I promise it's worth your time. Being honest, I fell in love with the score before I even knew it was Zimmer's, and once I found out, my first thought was "of course."
To each their own, but if you want an idea of what went into the score, that video above is insightful.
I dunno, I think it was really spectacular. It's "standard Hans Zimmer" in the way that it's a bunch of new sounds no one has ever heard before - but they are also close enough to normal sounds and cinematic themes to be familiar. To me it's the mark of true skill. It sounds like something out of this world, but also something I'm already comfortable with.
I bet there's maybe 5 people on Earth who could score a movie like this and make it as credible as Hans did.
Zimmer is often accused of scoring more movies than he actually does, because other composers are told to simply copy him. Whether you're actually paying for the real deal or not, your movie is going to end up with the same sound.
If you watched Tony Zhou's recent "Every Frame a Painting" episode about why the Marvel movies all have such unmemorable soundtracks (where he blames temp scores), you should also watch the response by Dan Golding where he claims Zhou has misidentified the real culprit: https://www.youtube.com/watch?v=UcXsH88XlKM
Carefully avoiding saying whether it's good or bad, Golding (like this article) says Hans Zimmer is almost solely responsible for why films and trailers sound the way they do right now. Whether or not you like it, and see Zimmer as a musical villain or not, it's kind of interesting that we're living in the middle of a one-man revolution in a particular artistic field.
I thought the Hans Zimmer score was only okay, in a pastiche-of-the-original kind of way, but maybe I should give it another chance.
For me the Vangelis score is one of the all-time greatest movie scores, although I’m probably biased from having heard it young. Such a unique and recognisable sound, and just the perfect mood for the film.
As this article points out, Zimmer "scores more movies than he actually does" because he's built a kind of film score workshop where dozens of collaborators turn out scores in his style by the bushel.
I first discovered this when Pandora spun up a rousing number from Klaus Badelt's Pirates of the Caribbean soundtrack and I swore I was listening to Gladiator.
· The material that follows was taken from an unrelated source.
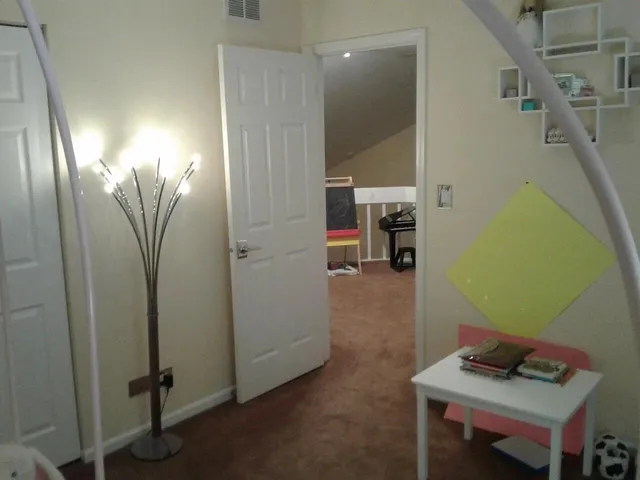 $465,000 | 121 Chatsworth Circle, Schaumburg, IL 60194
Badelt is a longtime Zimmer collaborator.
It's interesting that Zimmer himself took credit for composing the music for the Pirates sequels once the franchise was an (unexpected) smash.
I actually like Hans Zimmer a lot more than John Williams - the latter has a very distinctive style that can seem very in-your-face, more like an "Oh hey, this was done by John Williams" than something that best fits the film. Harry Potter, Star Wars, and Indiana Jones are all recognizable as Williams soundtracks, even though they're very different films.
Zimmer seems to vary his music a lot more to fit the needs of the film - it's just universally good, it's not universally Zimmer. The Lion King is very different from Crimson Tide, which is very different from Gladiator, which is very different from The Dark Knight and Inception.
BTW, I think Basil Poledouris (The Hunt for Red October, Wind) was another underrated film composer whose music is much better than his reputation.